On 12/11/25 3:27 AM, Mario Loffredo wrote:
Hi Andy,

please find my feedback below.

1) AFAIU, Secion 5.4.4 prohibits the server practice of updating an existing 
extension silently, i.e. without signaling clients about the updates.

If that's the goal, I would rephrase section 5.4.4 as in the following:

    Because RDAP clients ignore unrecognized JSON names and query
    parameters, it is possible to extend an RDAP extension by adding new
    JSON names or query parameters within the same namespace of an
    existing RDAP extension without changing the extension identifier or
    adding a new extension version (see [I-D.ietf-regext-rdap-versioning]) or
    other signaling methods.

    In this scenario, clients that are not updated to recognize the new
    elements should simply ignore them.  The same is also true for
    referrals (see Section 5.2).

    Extensions MUST NOT be evolved without explicitly signaling clients 
regarding the updates.
    This lack of signal will lead to difficulty in troubleshooting issues
    and could mislead client implementers to believe their software is
    fully conforming with the extension specification when it is not.

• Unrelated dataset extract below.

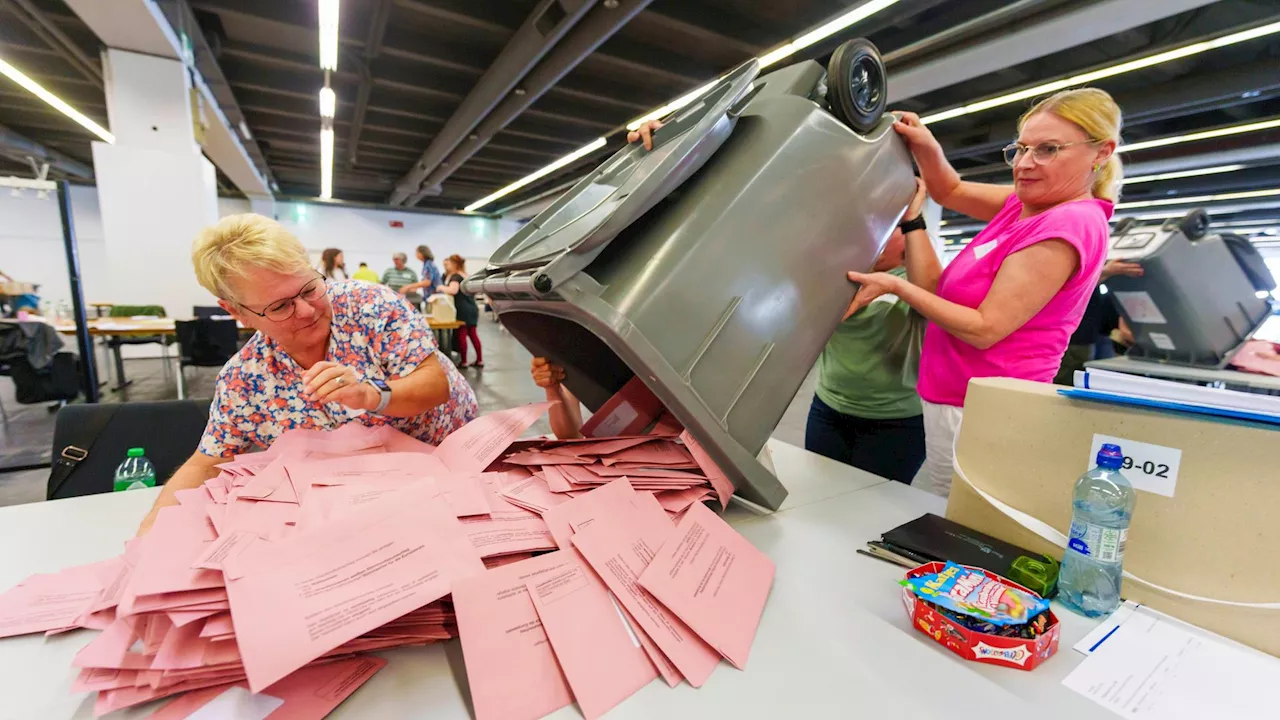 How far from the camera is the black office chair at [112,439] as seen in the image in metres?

I removed the original third paragraph because the only way I know of to cause 
RDAP clients to fail is to introduce breaking changes which is already covered 
by section 5.4.3.
See my message to Pawel regarding object classes.

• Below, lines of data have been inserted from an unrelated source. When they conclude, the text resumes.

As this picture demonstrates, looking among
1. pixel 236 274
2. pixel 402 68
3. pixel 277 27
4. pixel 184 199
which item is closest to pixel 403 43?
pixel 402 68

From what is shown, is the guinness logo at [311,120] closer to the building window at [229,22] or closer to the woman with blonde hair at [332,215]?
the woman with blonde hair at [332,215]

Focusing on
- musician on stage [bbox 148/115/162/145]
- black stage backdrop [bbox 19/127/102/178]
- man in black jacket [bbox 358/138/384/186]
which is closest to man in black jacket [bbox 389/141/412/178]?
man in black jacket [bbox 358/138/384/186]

[ML] Adding elements isn't a problem because clients can continue parsing the response without errors. Updating existing ones, however, is.

Because current JSON libraries allow for inserting members of unknown objects into a map, clients can detect new elements in RDAP responses in two ways:

- directly, by checking which response objects have been updated;

- indirectly, by checking for new rdapConformance tags or new extension versions and then reading the related extension specifications.

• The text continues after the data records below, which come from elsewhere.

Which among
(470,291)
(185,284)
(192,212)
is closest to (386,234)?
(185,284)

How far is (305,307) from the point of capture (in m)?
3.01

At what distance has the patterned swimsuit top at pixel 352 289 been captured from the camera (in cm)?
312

I agree that even non-breaking changes should generate either a new extension (when opaque versioning is used) or a new version (when maturity versioning is used) , simply because clients might lose information, not because they might fail to parse the response.


2) The overlapping response extension feature, as described in Section 5.4.2, 
aimed at reducing response size seems very complicated, and I wouldn't 
recommend it.

Perhaps It could be implemented when the next version updates an extension that 
previously extended both the response and the request, expecially when the next 
version extends only the response but not the request, or vice versa.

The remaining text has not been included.